Final Offer

Home > Other > Final Offer > Page 35
Final Offer Page 35

by Eva Hudson


  “Welcome to the hermitage, Ingrid.” He unlocked a drawer. “Now, if you are staying with us for the night, I must take some details from you.” He handed her a piece of paper.

  She scanned the questions as he passed her a pen. He’d seen her bank card, so she couldn’t use a false name. She filled it in as minimally as possible, her cold fingers struggling to keep hold of the pen.

  “Thank you,” he said when she gave it back. “I also need your phone.”

  Something twitched in her throat. “My phone?”

  He nodded.

  “But I need it. For work.”

  “Trust me,” he said, “you will gain so much more from your experience here if you hand it over.” He outstretched his fingers. “Trust me.”

  Never trust anyone who says ‘trust me.’ Ingrid reached into the inside pocket of her coat and checked her messages to see if Carolyn had made contact. She hadn’t: that was a good sign. It meant she was coping and Marshall’s condition hadn’t deteriorated.

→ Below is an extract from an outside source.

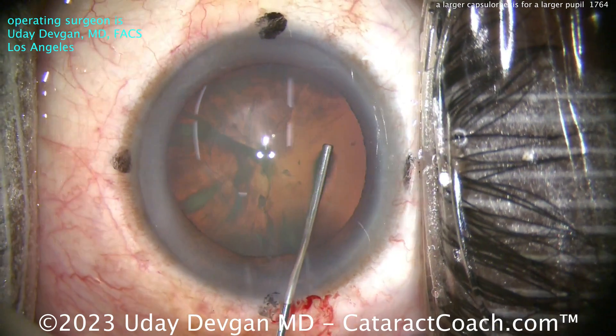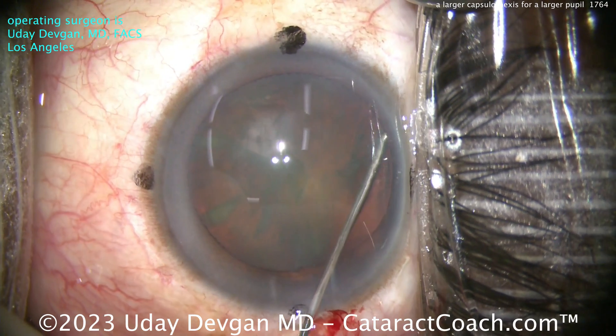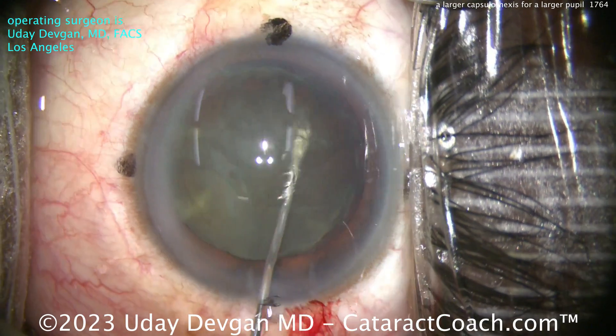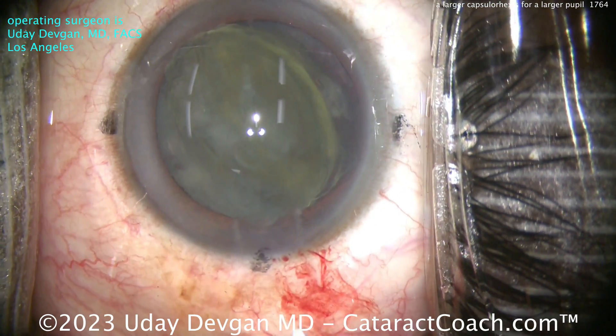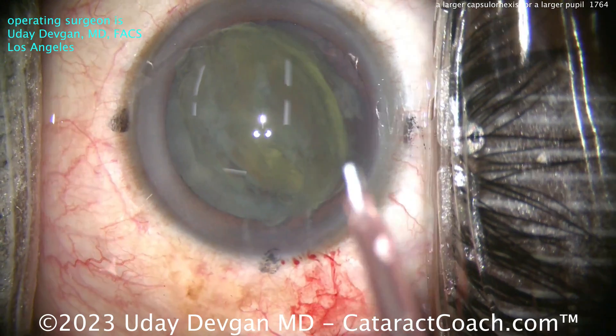We'll get the cataract out and then I'll show you the rest of the case. Remember, you can certainly tailor the size of the rhexis to your patient. The biggest IOL optics we have typically are about six millimeters in diameter. There are some six and a half and even seven millimeter lenses, but most seven millimeter lenses I know about are PMMA, which require a very large incision and are non-foldable.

  Viktor snatched the phone out of her hand.

  “Hey—”

  “I am sorry,” he said, locking it in a drawer, “but there is not time.”

  “For what?”

  “Vespers starts in five minutes.”

  “Vespers?”

  “And I will need your car key.” He waggled his grasping fingers toward her.

  “Why?” It was feeling too much like a trap.

  “In case we have to move it. Also, we have periods of total silence when it is not permitted to run an engine or use electricity.”

  “Oh.”

  “Your key, please.”

  Ingrid dipped into her pants pocket. “I feel really uncomfortable about this,” she said, stalling for time. She had promised Carolyn she would keep her phone with her. “When will I get it back?”

  “All you have to do is ask.” He leered rather than smiled before locking the key in a different, lower drawer. “Come with me. I will take you to the chapel.”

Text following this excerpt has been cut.